Many encounters between officers and defendants (typically younger defendants) start with the officer observing an individual "loitering or prowling". Contrary to popular belief, and what officers fail to realize, is that loitering or prowling requires a significantly higher level of activity than simply "hanging" out near a store or business. Officers will typically use this charge as a basis for detaining the defendant or justifying an encounter. The detainer will usually lead to other offenses and the discovery of warrants, drugs, or weapons. The statute requires the officer to observe conduct that would reasonably lead him or her to the conclusion that people or properties are in immediate danger. Very rarely is this standard ever met, and our defense lawyers can help identify this issue and file any appropriate motions to suppress to force the state to abandon the charges.
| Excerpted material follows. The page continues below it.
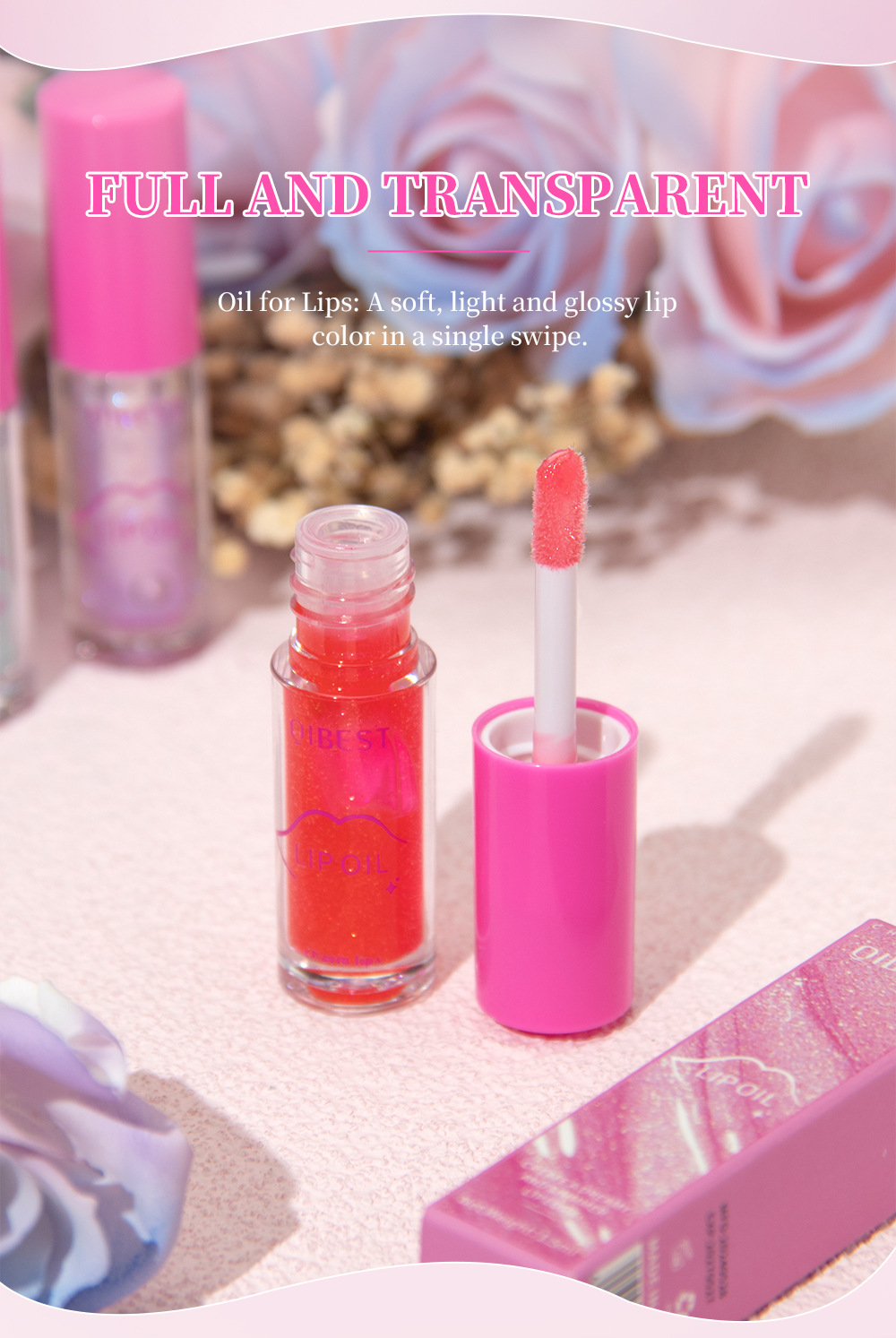 QIBEST Cross-border Mirror Pearlescent Lip Oil Moisturizes, hydrates, hydrates, softens, is transparent, natural and long-lasting, and prevents dry and chapping lips Application Scenario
Illustrative case: Arnold Law Firm represented a client who was initially detained for loitering and search subsequent to the arrest led to a trafficking amount of drugs and cash. Our lawyers researched the matter and got the State, over the strenuous objection of the police officers, to drop the case and return the money to the client!
Every case is different so give us a call to discuss your matter with one of our attorneys. We tell our client's story to the prosecutor, judge, or jury if necessary to get the client the best possible outcome. Contact us if you need the services of a Jacksonville criminal defense lawyer.
FLORIDA'S LOITERING AND PROWLING LAWS
856.021 Loitering or prowling; penalty.
(1) It is unlawful for any person to loiter or prowl in a place, at a time or in a manner not usual for law-abiding individuals, under circumstances that warrant a justifiable and reasonable alarm or immediate concern for the safety of persons or property in the vicinity.
(2) Among the circumstances which may be considered in determining whether such alarm or immediate concern is warranted is the fact that the person takes flight upon appearance of a law enforcement officer, refuses to identify himself or herself, or manifestly endeavors to conceal himself or herself or any object. Unless flight by the person or other circumstance makes it impracticable, a law enforcement officer shall, prior to any arrest for an offense under this section, afford the person an opportunity to dispel any alarm or immediate concern which would otherwise be warranted by requesting the person to identify himself or herself and explain his or her presence and conduct. No person shall be convicted of an offense under this section if the law enforcement officer did not comply with this procedure or if it appears at trial that the explanation given by the person is true and, if believed by the officer at the time, would have dispelled the alarm or immediate concern.
History.--s. 1, ch. 72-133; s. 1384, ch. 97-102.